Любопытно, как этот средневековый взгляд на наше телесное имущество заставил художника увидеть наготу, облаченную в ту же самую форму, в какой ее видел художник Средних веков. Все его наброски с натуры связаны с готической традицией, даже когда, как на прекрасном рисунке «Клеопатра» (ил. 273), они изображают героиню античности, а его обнаженные мужчины худы и плоски, как Адамы ван дер Гуса или ван дер Вейдена. Точно так же, как он мог найти в Амстердаме множество девушек с плотными юными телами, там должны были быть и юноши с хорошо развитой мускулатурой. Но, как правило, мужчины-натурщики Рембрандта столь же ужасающе тонки, сколь неприлично толсты его женщины. Парадоксально, но академический поиск совершенства формы через изучение обнаженной натуры стал средством показа унизительного несовершенства, к которому обычно приговаривается наш род.
Это чувство присущей телу жалкости имело и другое странное следствие: самые значительные обнаженные периода зрелости Рембрандта, три офорта, датированные 1658 годом (ил. 274), изображают старых женщин. Двадцать семь лет прошло с момента создания «Дианы», оскорбившей Пелса, и жестокость Рембрандта утихла. Он более не желает нас шокировать, и все же идея классической элегантности еще настолько волнует его, что он предпочитает готическую нескладность старого тела привлекательным пропорциям юного. Офорт с пожилой женщиной, моющей ноги в ручье, в действительности самое благородное произведение телесной архитектуры, упрямая, словно старая лодка, несокрушимая форма, рассмотренная без оттенка сентиментальности или желания оправдать. Мы пытаемся представить себе, где еще в искусстве был создан такой величественный портрет старого тела, и вспоминаем лишь Адама Пьеро делла Франческа и некоторых отшельников Карпаччо.
Тем не менее самая великая картина Рембрандта, представляющая обнаженную натуру, изображает молодую женщину, очевидно задуманную физически привлекательной. Это «Вирсавия» из Лувра (ил. 275), одно из тех произведений искусства высокого класса, которые не могут быть никак классифицированы. Композиция объединяет в себе воспоминания о двух античных рельефах, знакомых Рембрандту по гравюрам, но его концепция наготы совершенно неклассична и на самом деле представляет его любимую Хендрикье. Сейчас, когда догматичная настойчивость ранних офортов отвергнута, мы чувствуем ценность скромной и скрупулезной честности Рембрандта, ибо этот большой живот, эти тяжелые, трудовые руки и ноги обладают гораздо большим благородством, нежели идеальная форма, скажем, «Венеры Урбинской» Тициана.

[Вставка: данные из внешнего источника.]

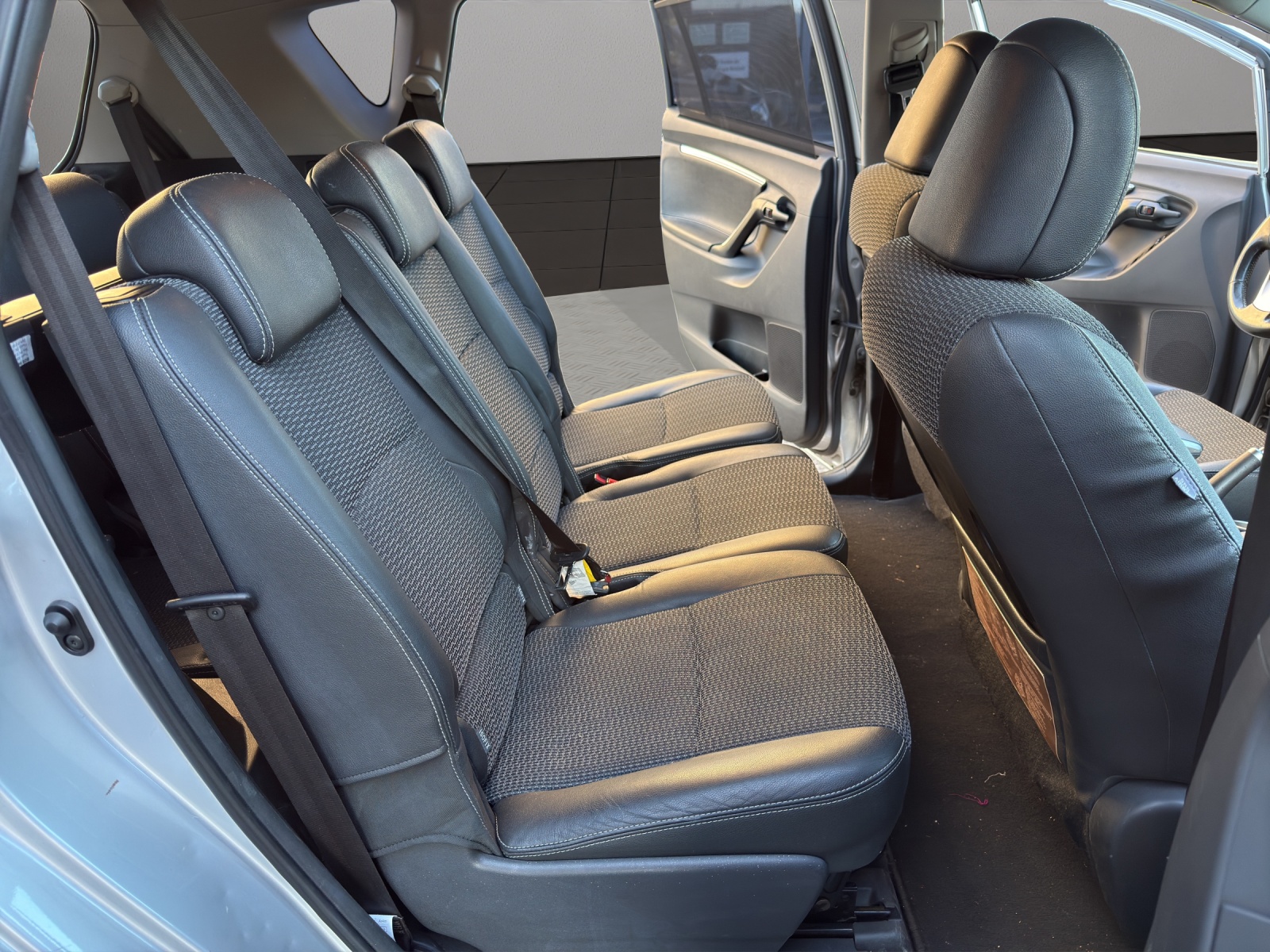 TOYOTA Verso 2.0 D-4D Luna-image-17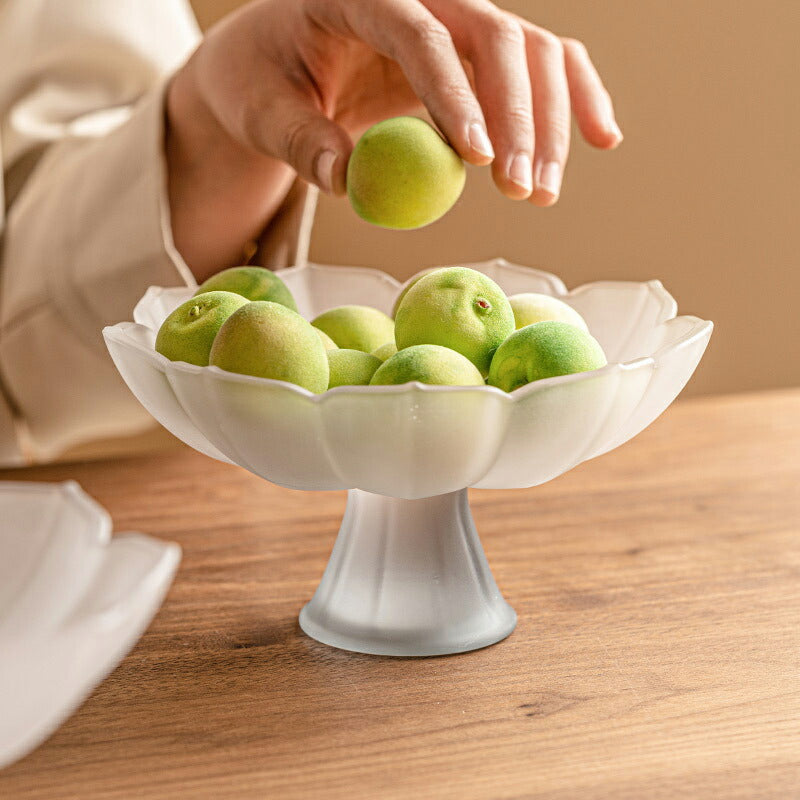 花型 ガラス小鉢 高台 トレー 17cm ガラス 皿 豆皿 浅鉢 蓮の花 菓子皿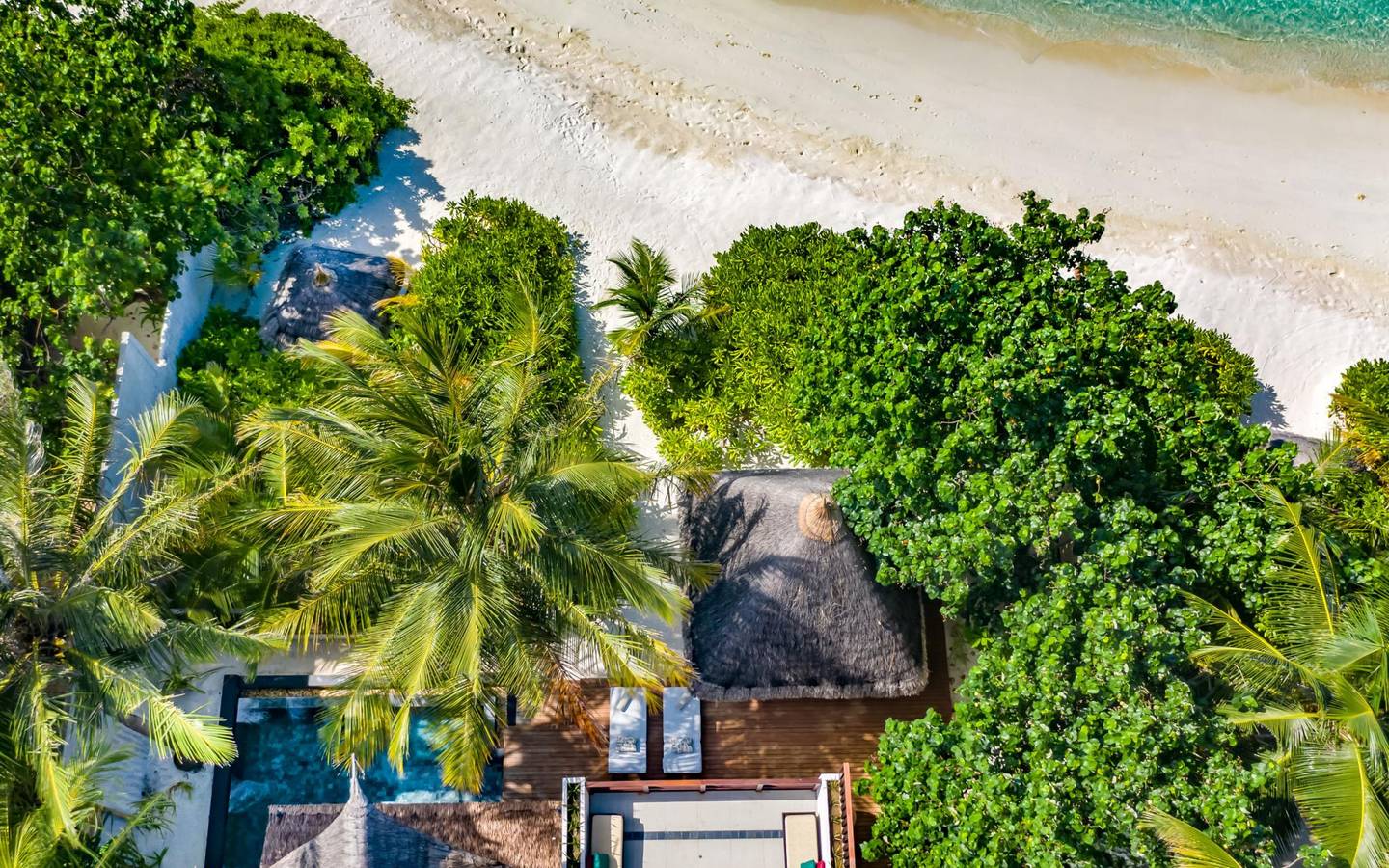 Ozen-Reserve-Bolifushi_Earth_Pool-Reserve_2_BR_Außenansicht-von-oben-mit-Strandabschnitt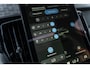 Volvo XC60 T8 Plug-in hybrid AWD Ultra Dark Exec. Ed. | Bowers & Wilkins | Luchtvering | Stoelmassage & Ventilatie | Gelaagd glas | Head-up Display | 22'' |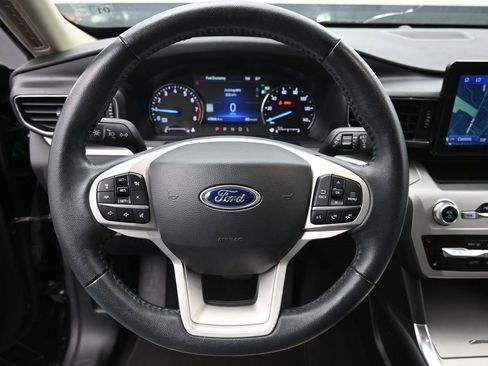 Certified 2022 Ford Explorer XLT w/ Equipment Group 202A image 7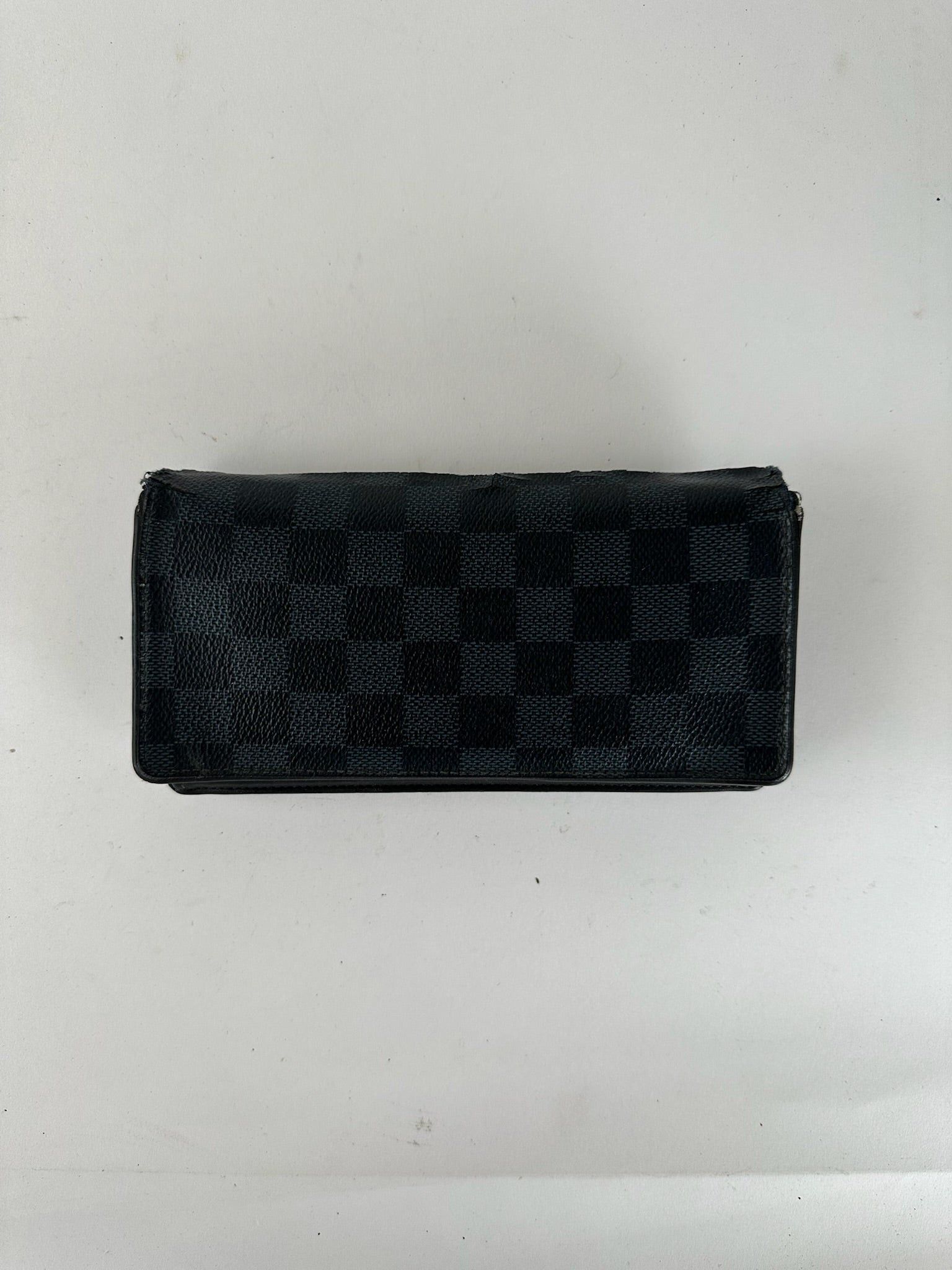 Louis Vuitton Vintage Damier Monogram ID Holder Size ONE SIZE - 6 Thumbnail
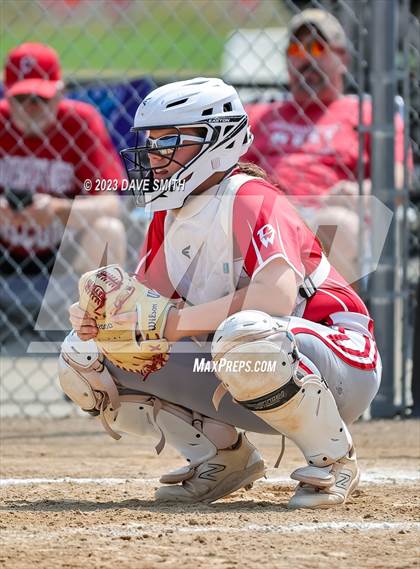 Thumbnail 1 in Edgewood-Colesburg vs Davenport West (West Delaware Invitational) photogallery.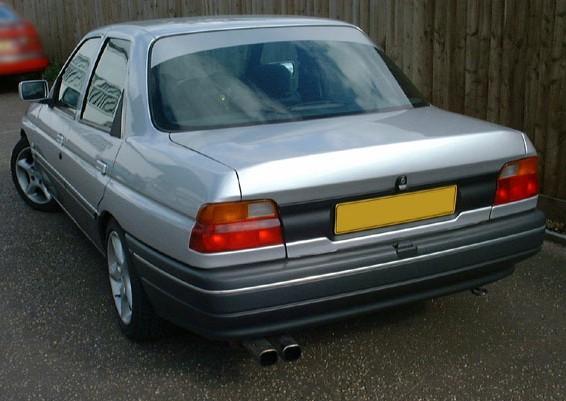 Ford Orion 1993 foto - 1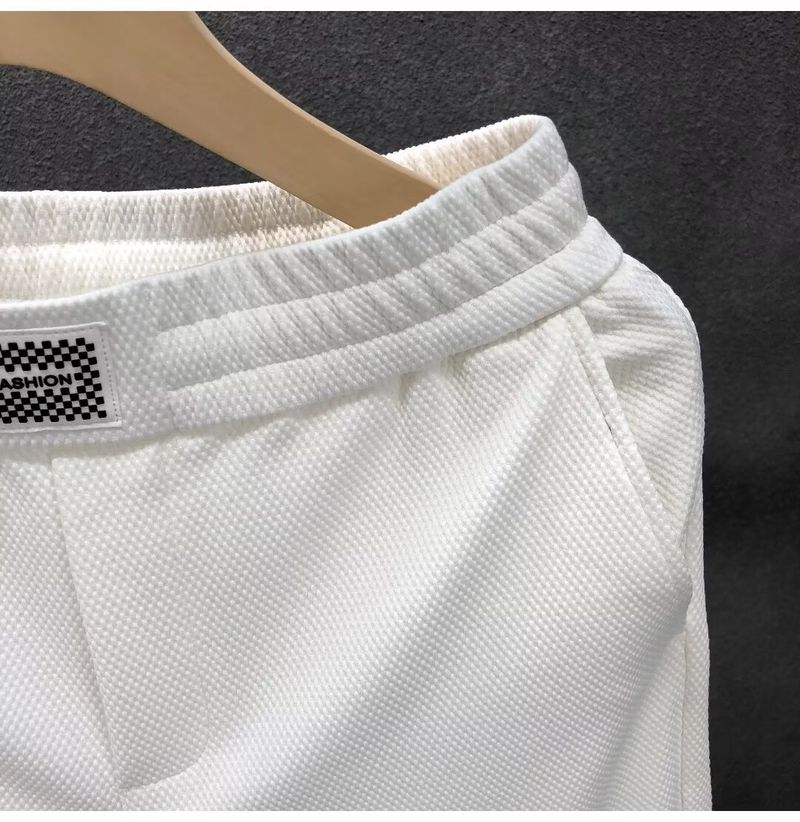 Pantalones cortos blancos ligeros de lujo para hombre, ropa de abrigo de verano, pantalones cortos deportivos casuales de longitud media para hombre._voghion.com
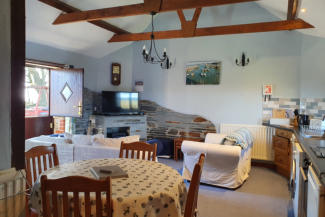Hendra Barn Lounge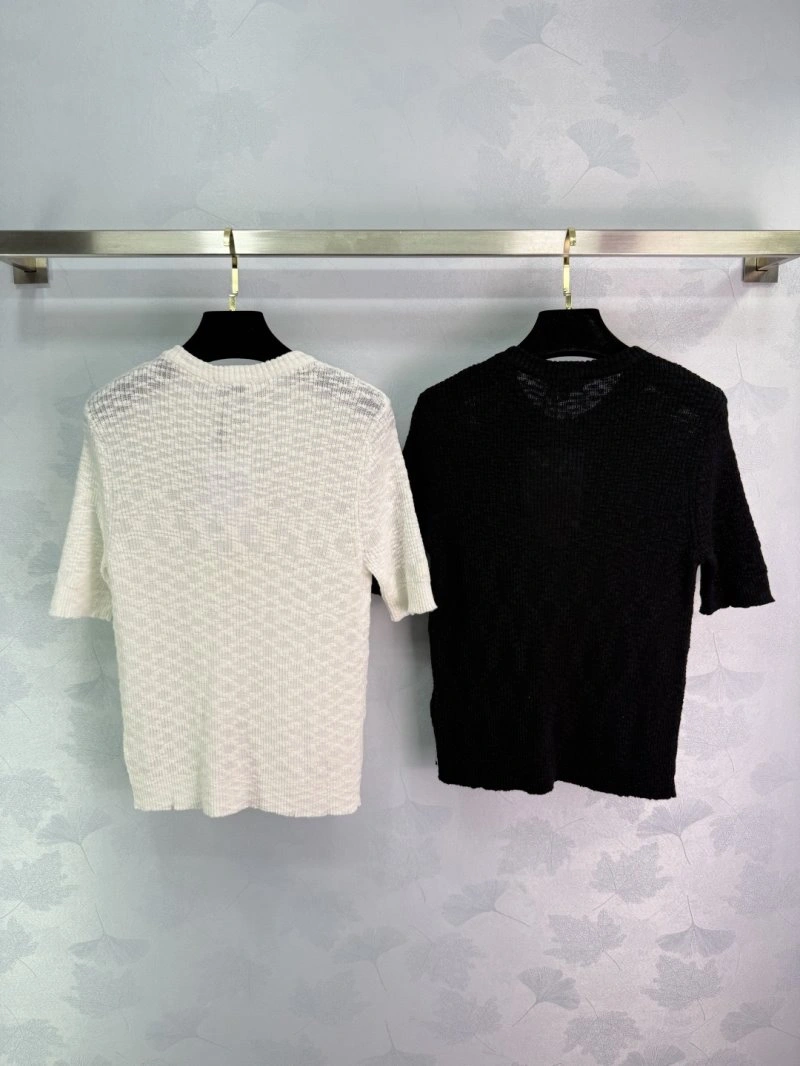 Chanel T-Shirts Classic 109411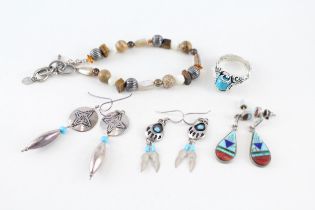 A collection of silver Native American jewellery including Carolyn Pollack (31g)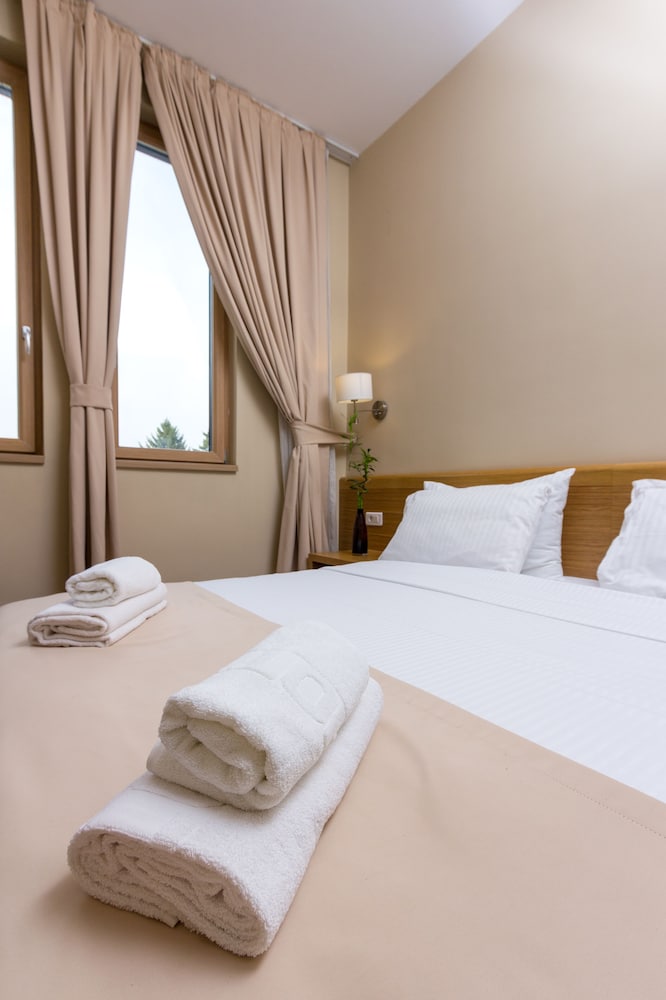 Hotel Lirak 10/50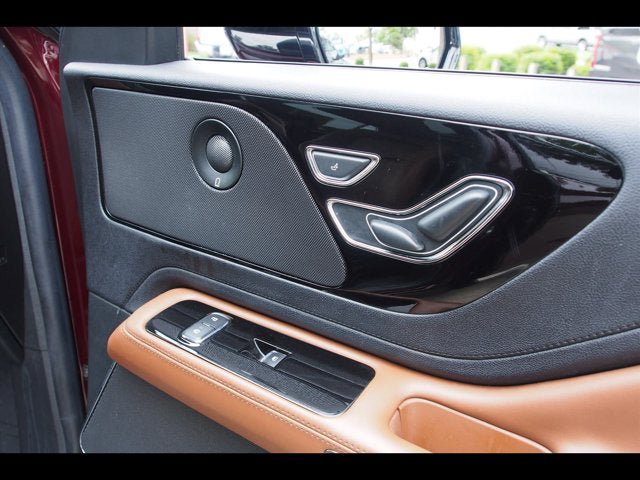Used 2022 Lincoln Aviator Reserve w/ Elements Package Plus RWD image 13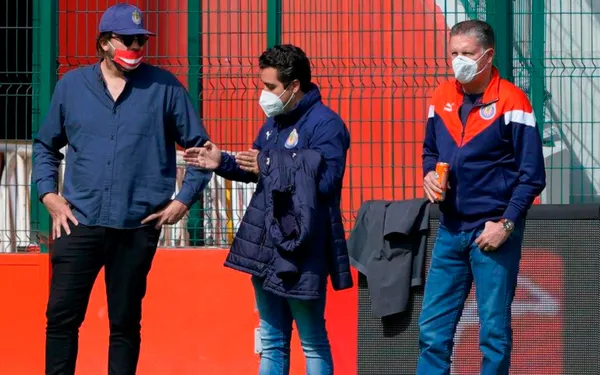 Chivas no tomó en cuenta el cumpleaños de Matías Almeyda, quien le dio su último título al Rebaño.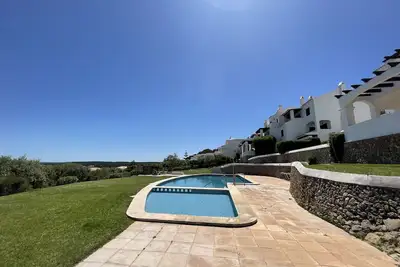 Image de Bel appartement avec piscine et vue mer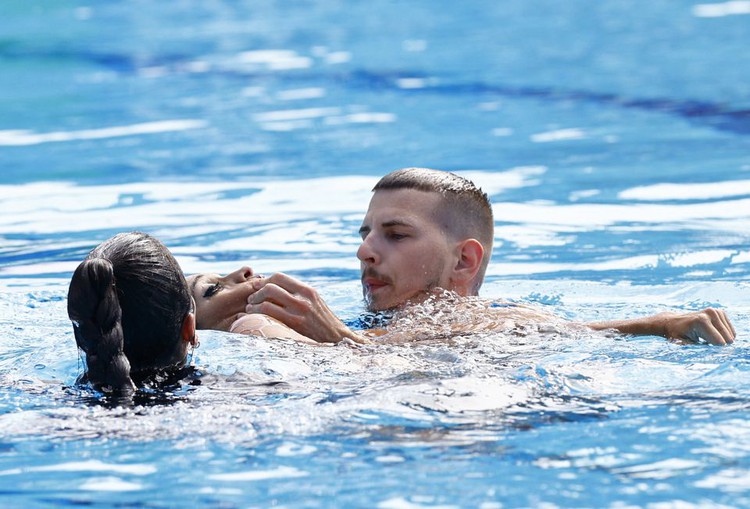 Swimming-US swimmer Alvarez saved from drowning by coach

Более того, христианское приятие несчастного тела давало христианскую привилегию душе. Традиционные обнаженные, основанные на классических оригиналах, были не способны выдерживать груз мысли или внутренней жизни без ущерба для их формальной целостности. Рембрандт же мог придать своей «Вирсавии» мечтательное выражение лица, выражение такое сложное, что мы уходим вслед за ее мыслями далеко за пределы запечатленного момента, и в то же время эти мысли суть неотторжимая часть ее тела, говорящая с нами на своем собственном языке так же правдиво, как Чосер или Берне.
Чудо «Вирсавии» Рембрандта, нагого тела, которому позволена мысль, больше никогда не повторилось. Но конец XIX века произвел одну или двух запоминающихся обнаженных жалости, и самая жалостливая из них — фигура с картины «Скорбь» Ван Гога, образ столь ужасный, что мы с трудом заставляем себя остановить на нем взгляд; самая же выразительная — «Прекрасная Омьер» Родена (ил. 276). Она идет дальше, чем офорт Рембрандта. Тело старухи Рембрандта, хоть оно и лишено грации, все еще сильное и дееспособное. Старуха Родена — образ законченной дряхлости, memento mori[200], — своим замыслом напоминает нам некоторые готические статуи. При сравнении с «Марией Магдалиной» Донателло из Флоренции обнаруживается некая схожесть в их технике исполнения: оба, Роден и Донателло, моделируют морщинистую плоть сильными нервными движениями пальцев, создавая таким способом живую фактуру. Но по чувству эти две статуи абсолютно разные. Магдалина Донателло — женщина-факир, чьи маленькие запавшие глаза, глядя в пустыню, узрели видение Господа. Тело ее больше не интересует, тогда как Омьер Родена, хотя она и находится в более мрачном настроении, чем куртизанка из стихотворения Вийона, все еще неотделима от своего тела и размышляет о его недостатках. И тем не менее она далека от тех безжалостных фигур позднеэллинистического искусства, где изношенное тело представлено в презренном или смехотворном виде, ибо Роден увидел в ее дряблых членах готическую величественную конструкцию.